TASK INSTRUCTIONS: Transcribe all the lines below exactly. Omit the pictures.

DATASET EXCERPT:
********************
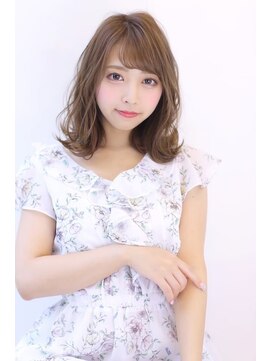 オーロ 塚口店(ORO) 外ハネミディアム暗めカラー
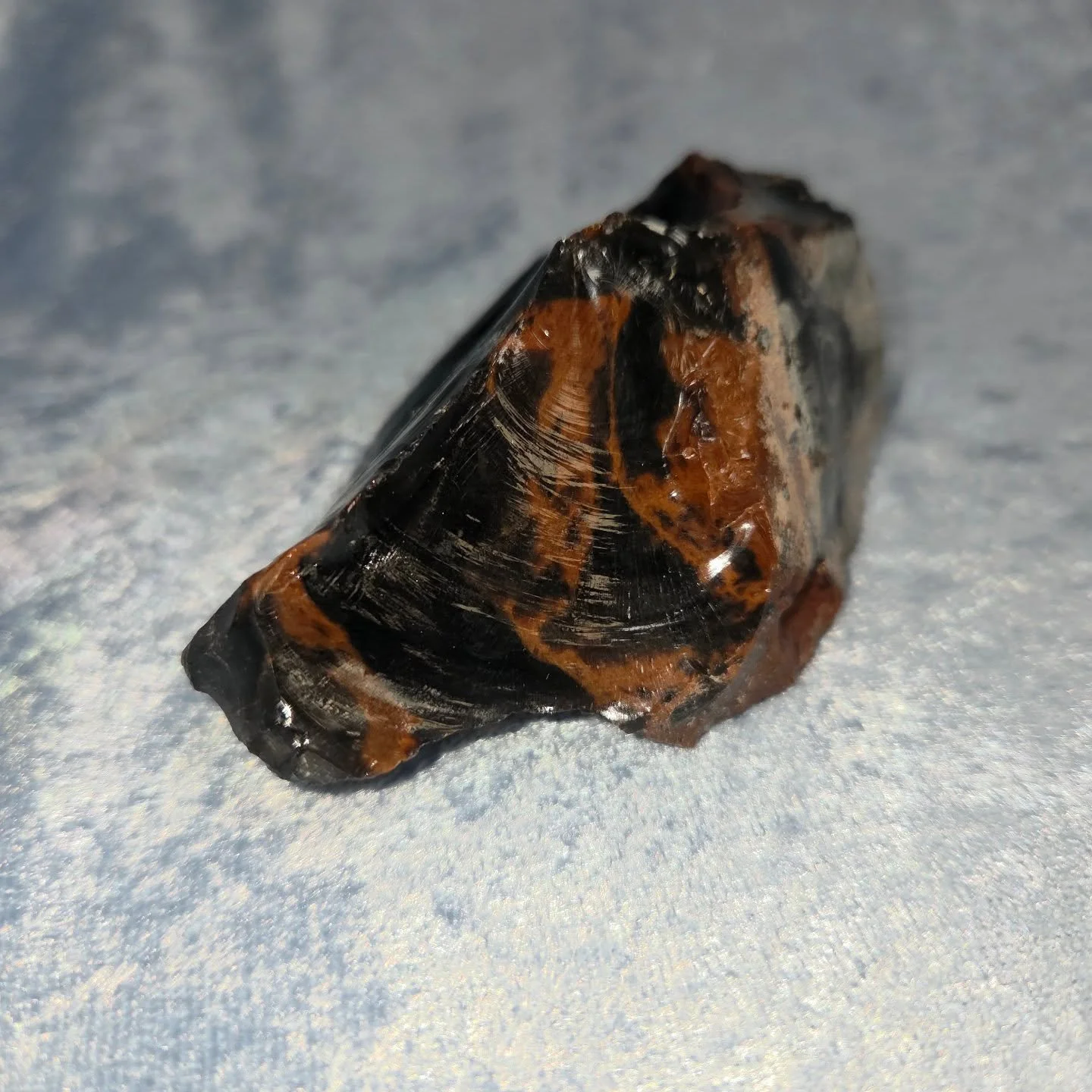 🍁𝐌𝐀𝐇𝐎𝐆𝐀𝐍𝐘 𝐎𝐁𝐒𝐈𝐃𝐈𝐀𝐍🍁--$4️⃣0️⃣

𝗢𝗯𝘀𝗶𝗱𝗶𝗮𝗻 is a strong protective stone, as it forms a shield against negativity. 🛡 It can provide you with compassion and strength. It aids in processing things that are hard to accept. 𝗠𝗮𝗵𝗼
********************
EXERCISE RESULT:
 オーロ 塚口店(ORO) 外ハネミディアム暗めカラー
 🍁𝐌𝐀𝐇𝐎𝐆𝐀𝐍𝐘 𝐎𝐁𝐒𝐈𝐃𝐈𝐀𝐍🍁--$4️⃣0️⃣

𝗢𝗯𝘀𝗶𝗱𝗶𝗮𝗻 is a strong protective stone, as it forms a shield against negativity. 🛡 It can provide you with compassion and strength. It aids in processing things that are hard to accept. 𝗠𝗮𝗵𝗼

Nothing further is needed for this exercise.